__YOUR ASSIGNMENT__: From the listing below, give again exactly the lines from the line with "kittens-car" to the line with "RV parked in", ends included, without any pictures.

__DATASET EXCERPTS__:
+ + + + +

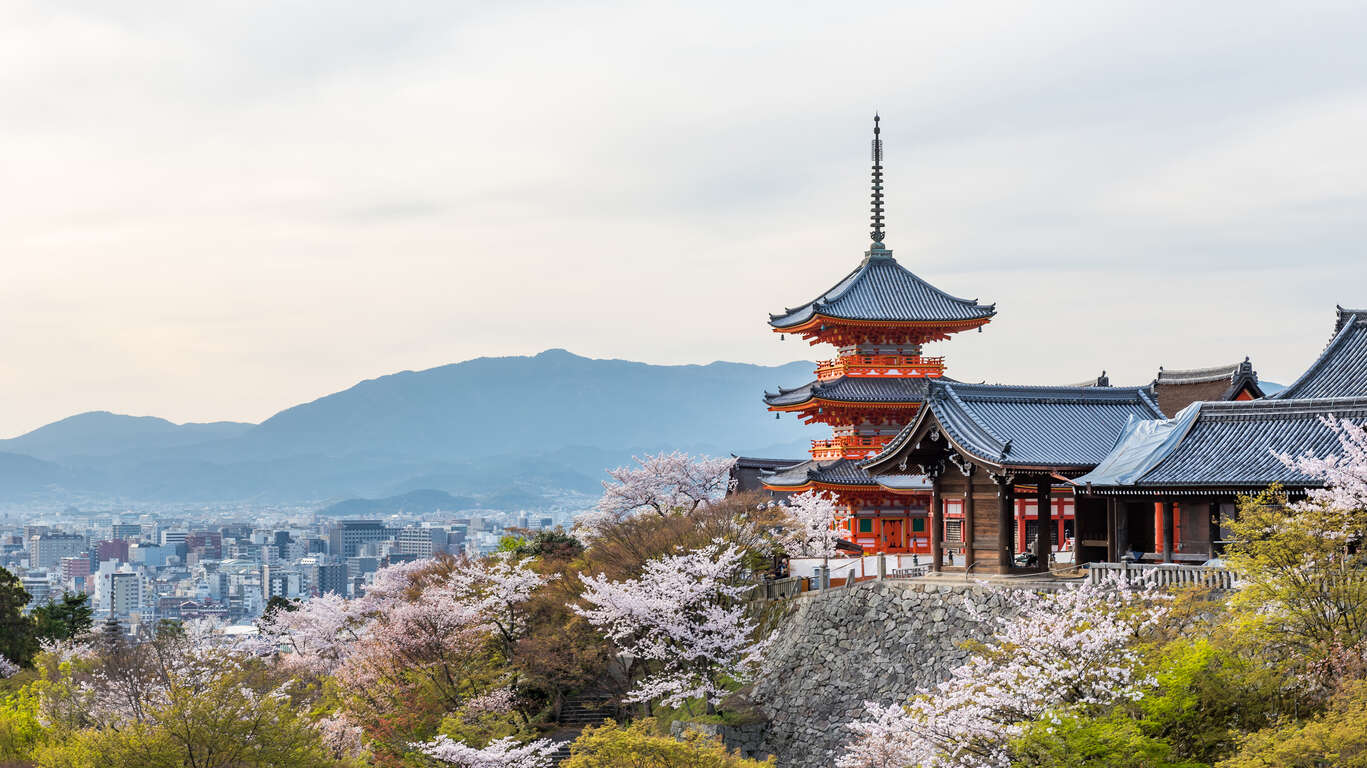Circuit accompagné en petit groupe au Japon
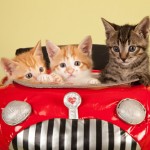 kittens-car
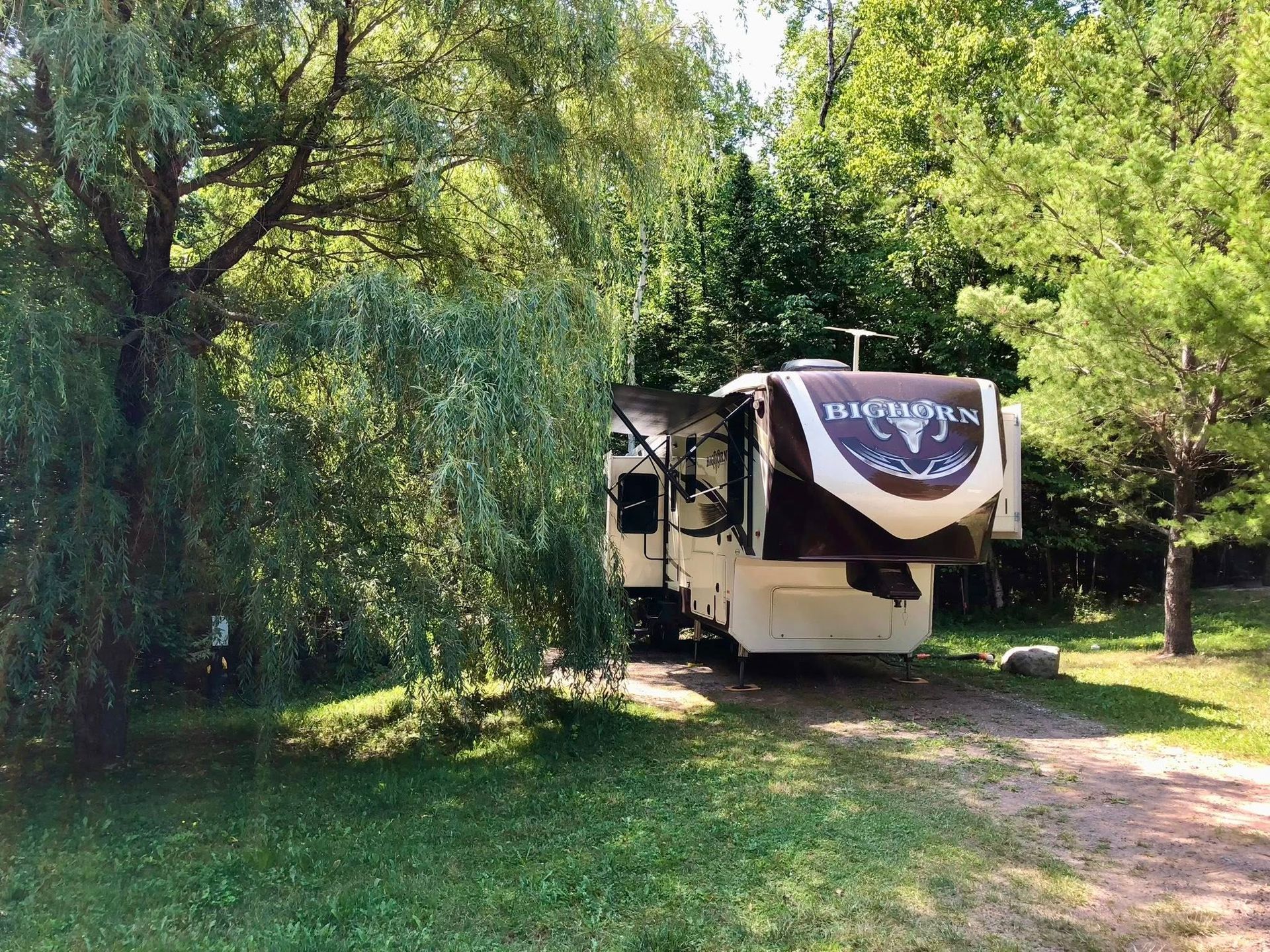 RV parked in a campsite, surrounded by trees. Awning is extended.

+ + + + +

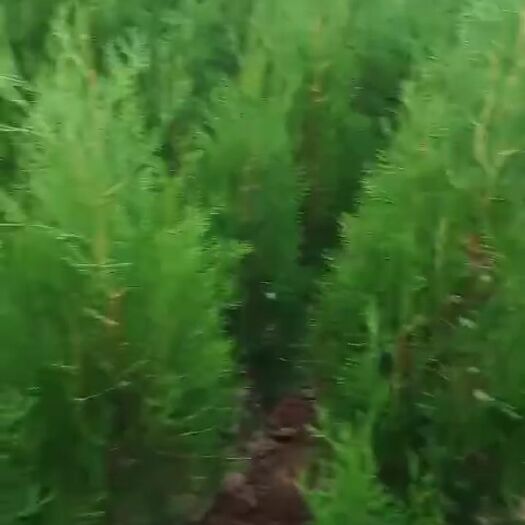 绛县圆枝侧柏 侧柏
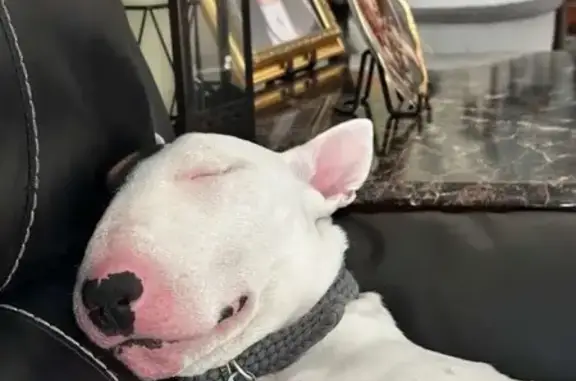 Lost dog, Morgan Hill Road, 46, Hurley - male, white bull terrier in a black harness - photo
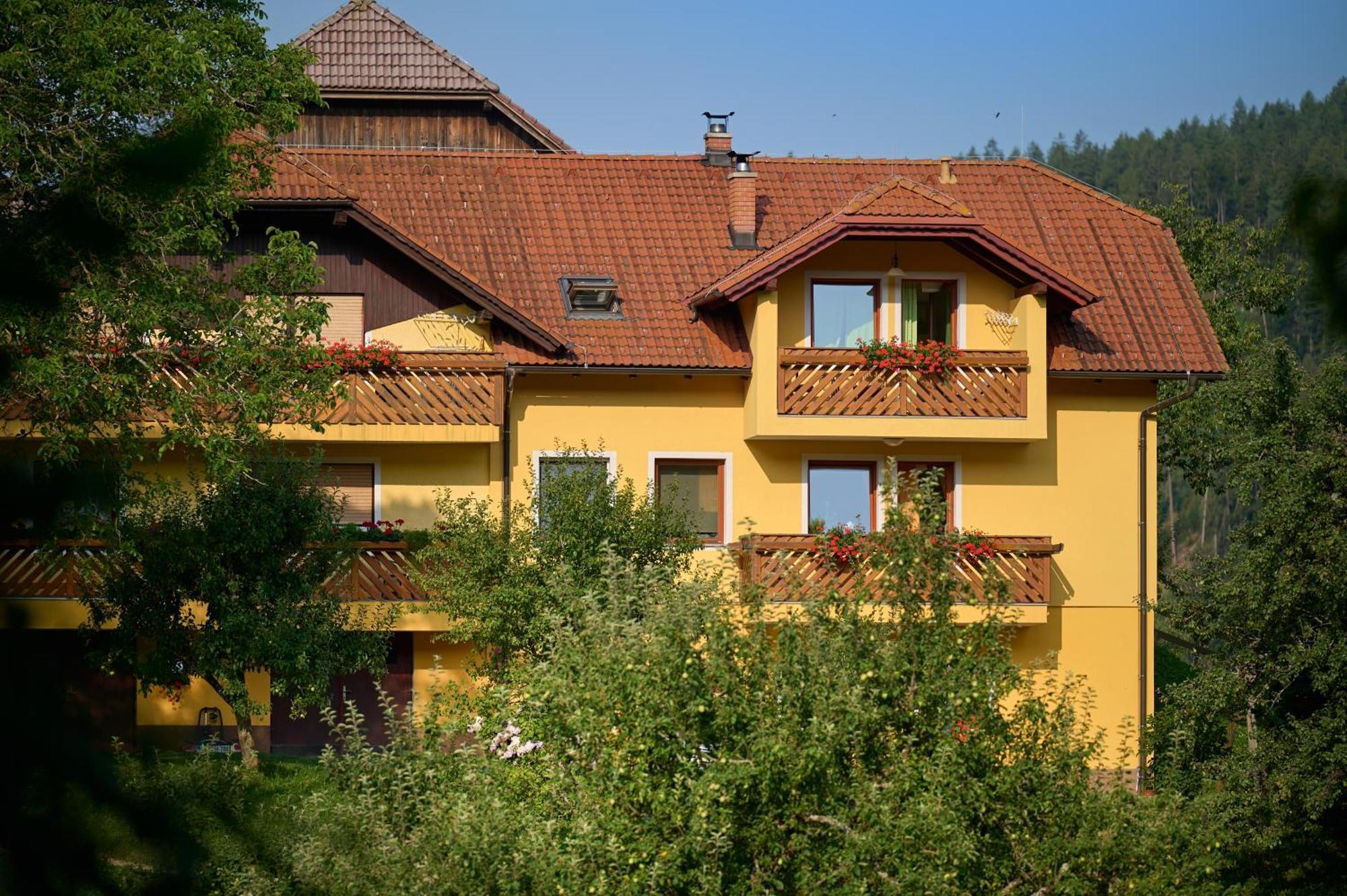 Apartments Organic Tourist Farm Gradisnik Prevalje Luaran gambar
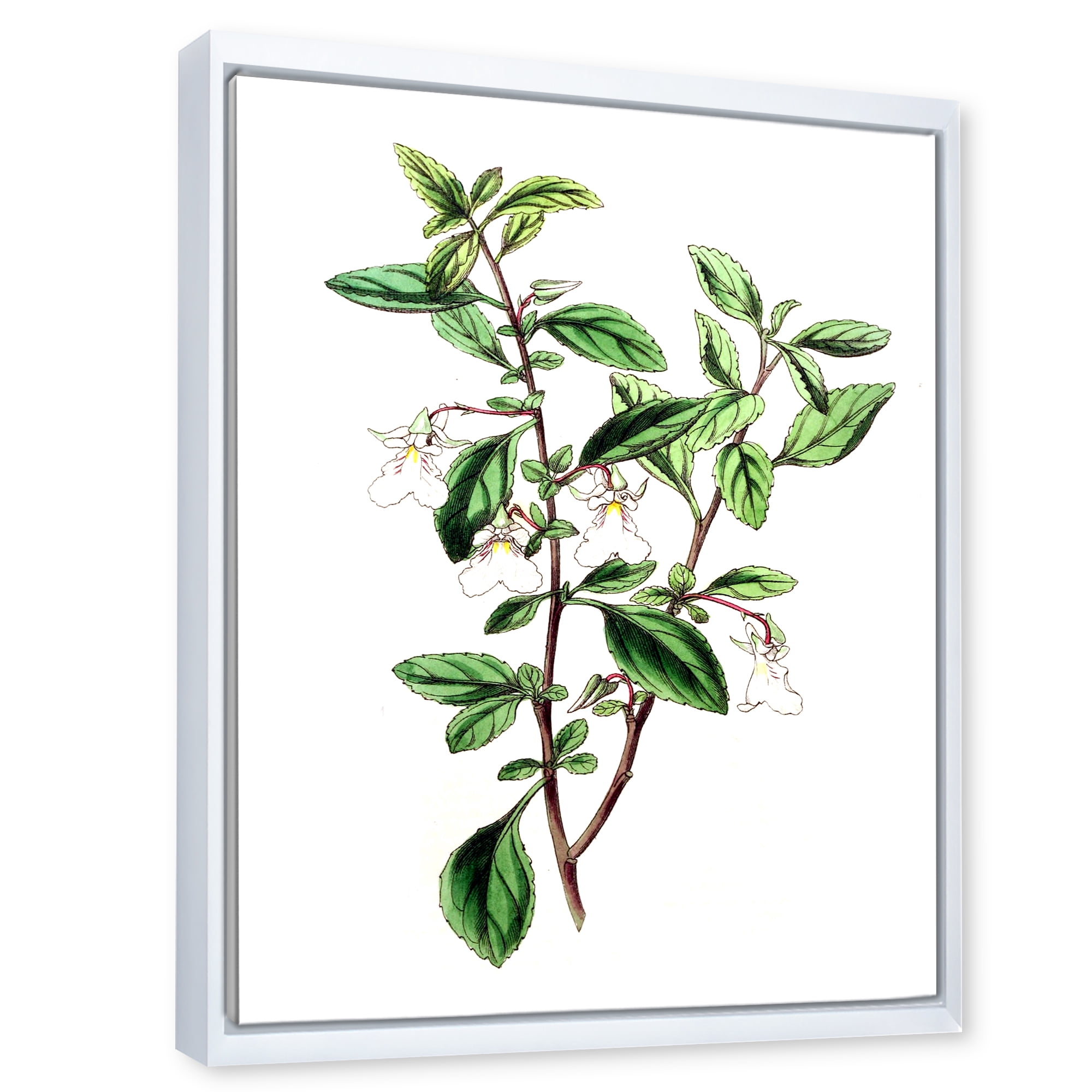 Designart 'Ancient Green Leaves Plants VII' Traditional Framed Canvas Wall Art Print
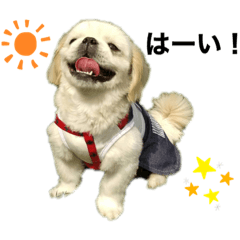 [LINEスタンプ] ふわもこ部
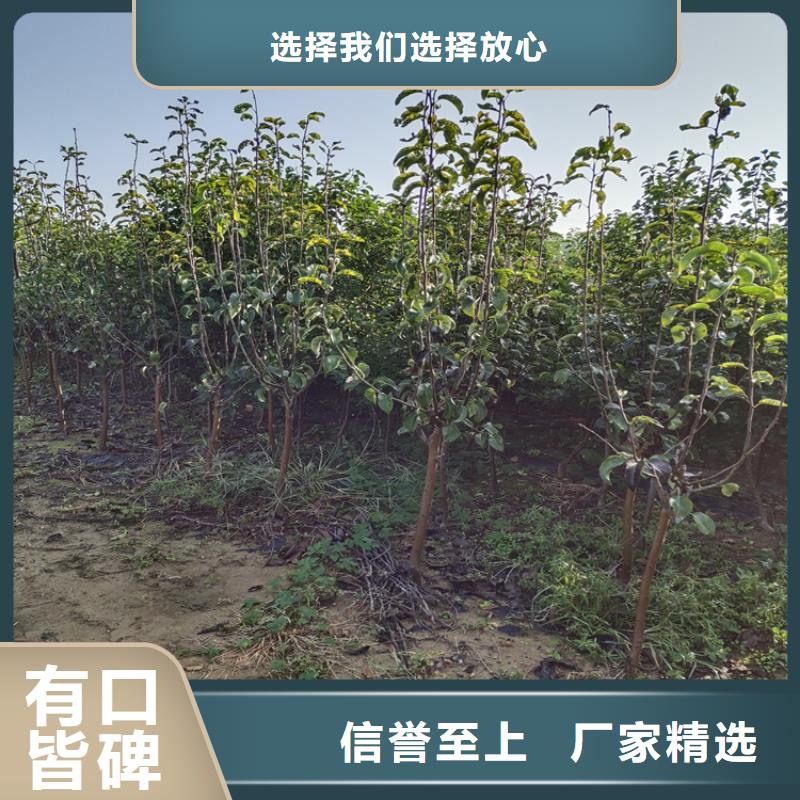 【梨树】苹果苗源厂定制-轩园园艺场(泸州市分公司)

+ + + + +

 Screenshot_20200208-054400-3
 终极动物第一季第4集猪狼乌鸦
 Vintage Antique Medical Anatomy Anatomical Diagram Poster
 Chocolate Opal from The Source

+ + + + +

__SOLUTION TO THIS EXERCISE__:
 kittens-car
 RV parked in a campsite, surrounded by trees. Awning is extended.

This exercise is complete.